The chief problem for Biden, though, is that a lengthy record of experience in the federal government does not always constitute an advantage, especially if that experience comes with a 30-plus-year voting record.
Still, Biden’s strength of experience will give him a decided advantage when talking about defense and homeland security issues, where voters often prefer a more seasoned driver at the wheel. While some candidates spend the years preceding their presidential campaign “punching their foreign relations card,” Biden’s problem will be to pick the most popular and significant issues he’s worked on.
Biden’s extensive work on crime control will stand out in voters’ minds.

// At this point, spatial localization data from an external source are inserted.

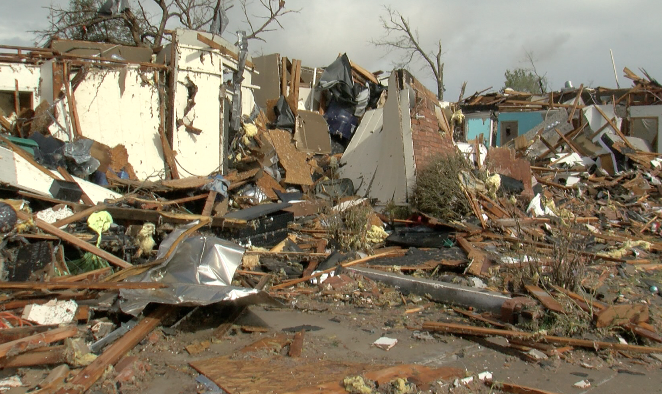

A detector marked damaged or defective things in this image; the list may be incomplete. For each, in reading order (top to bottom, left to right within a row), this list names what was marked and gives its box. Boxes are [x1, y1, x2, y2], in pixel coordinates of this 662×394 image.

splintered lumber [15, 211, 132, 270]
crumpled metal sheet [120, 223, 274, 316]
splintered lumber [270, 251, 404, 290]
splintered lumber [0, 324, 79, 358]
splintered lumber [54, 304, 170, 394]
splintered lumber [426, 322, 662, 356]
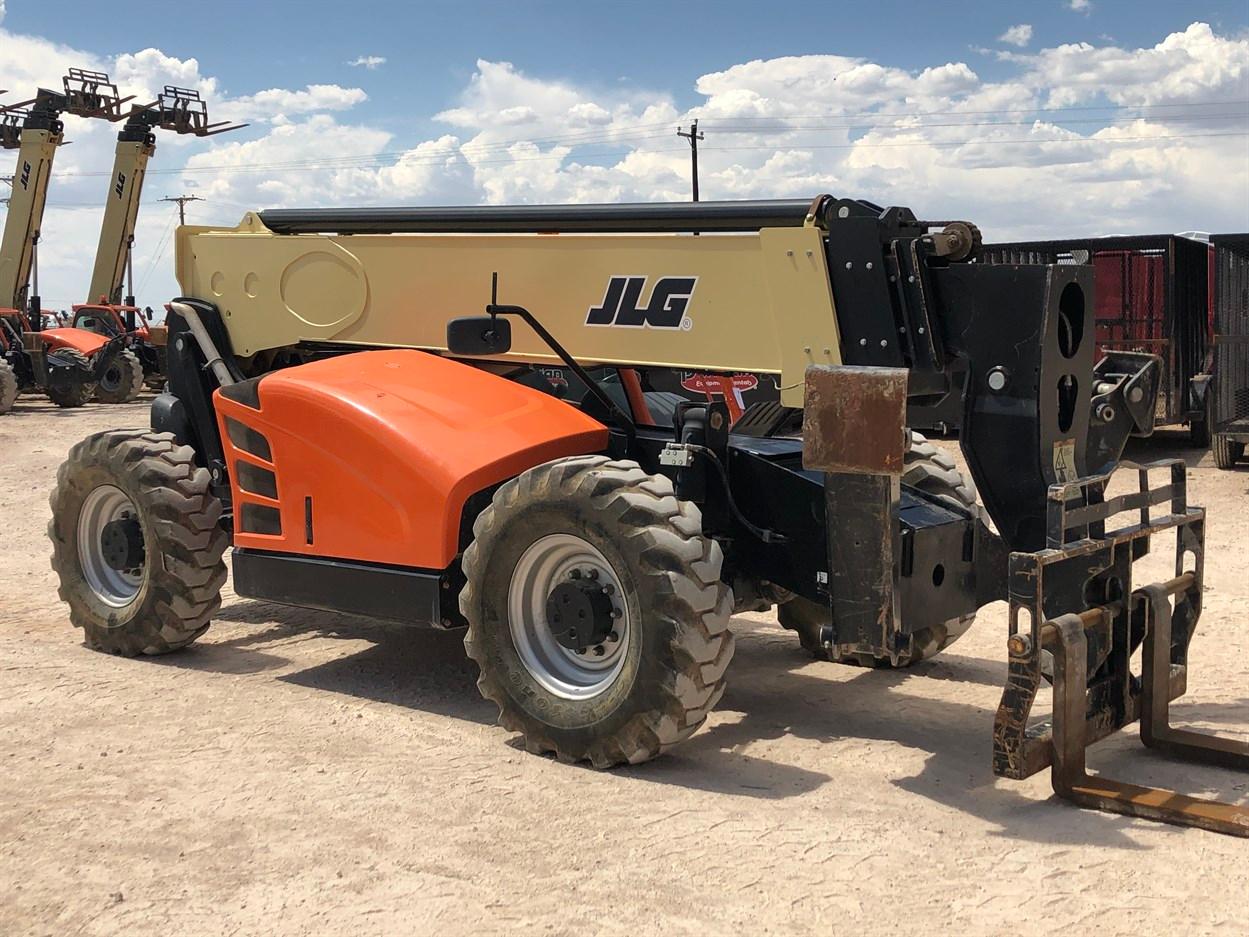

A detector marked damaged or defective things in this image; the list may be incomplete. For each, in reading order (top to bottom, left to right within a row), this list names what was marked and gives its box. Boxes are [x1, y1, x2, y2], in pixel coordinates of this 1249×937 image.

rusty fork tine [1044, 612, 1249, 839]
rusty fork tine [1144, 587, 1249, 769]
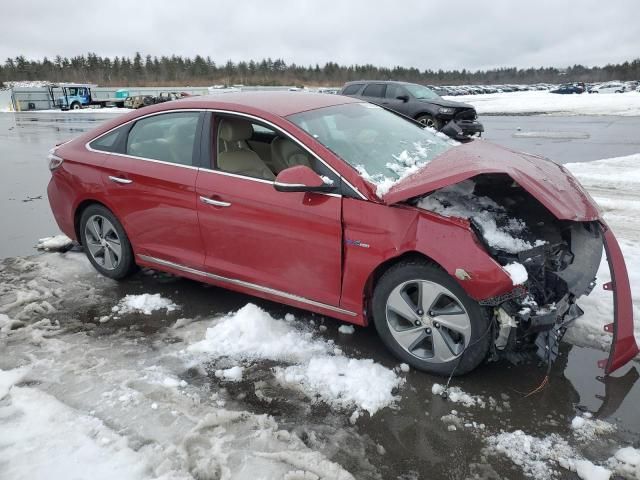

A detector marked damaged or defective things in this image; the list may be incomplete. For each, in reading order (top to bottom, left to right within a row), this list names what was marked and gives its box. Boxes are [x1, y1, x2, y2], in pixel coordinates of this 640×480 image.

damaged red car [47, 93, 636, 376]
crumpled hood [384, 139, 600, 221]
detached front bumper [600, 225, 636, 376]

He crafted the Violent Crime Control and Enforcement Act of 1994 and the Violence Against Women Act in 2000, two important pieces of legislation that add to the record of federal accomplishment in a way no other probable candidate can match.
Spending all that time in the Senate, however, has given Biden one of the worst cases of “Senate-itus”—a condition characterized by long-winded oratories and a propensity to end up on both sides of an issue, rather than firmly planted on one side or the other. (See: John Kerry) Like Kerry, Biden voted for the Iraq war, and now has become one of its most high-profile critics in the Senate.
In addition, Biden’s voting record will certainly become an issue. While he largely votes the party line, even those votes lead to confusing “I-voted-for-it-before-I-voted-against-it” scenarios. Biden also caters to credit card giant MBNA (which is headquartered in his home state), much to the disappointment of more left-leaning Democrats who oppose the favored policies of the credit card industry, specifically relating to the tightening of bankruptcy laws recently passed by the Senate.
Biden has the experience of having run for President before, even if that experience was by no means a good one. Running in a crowded field in 1988, it was leaked to reporters (by a Dukakis staffer) that Biden plagiarized significant portions of his stump speech from then-British Labour Party Leader Neil Kinnock, and that he also plagiarized work in his first-year writing class in law school.
While Biden has since been vindicated of blame in these incidents (it was determined that he had merely forgetten to credit a passage he’d cited many times before in the speech, and Syracuse law school cleared him of any hint of plagiarism—incidentally, Dukakis fired the aide responsible for the leak), in politics, perception is everything, and Biden may become the subject of more than a little right-wing talk show ridicule for the incidents.
Biden is proceeding as if he will run in 2008, banking on voters wanting foreign relations and national security experience, and a President that comes from the “sensible center” of the Democratic party. Not a bad bet at all.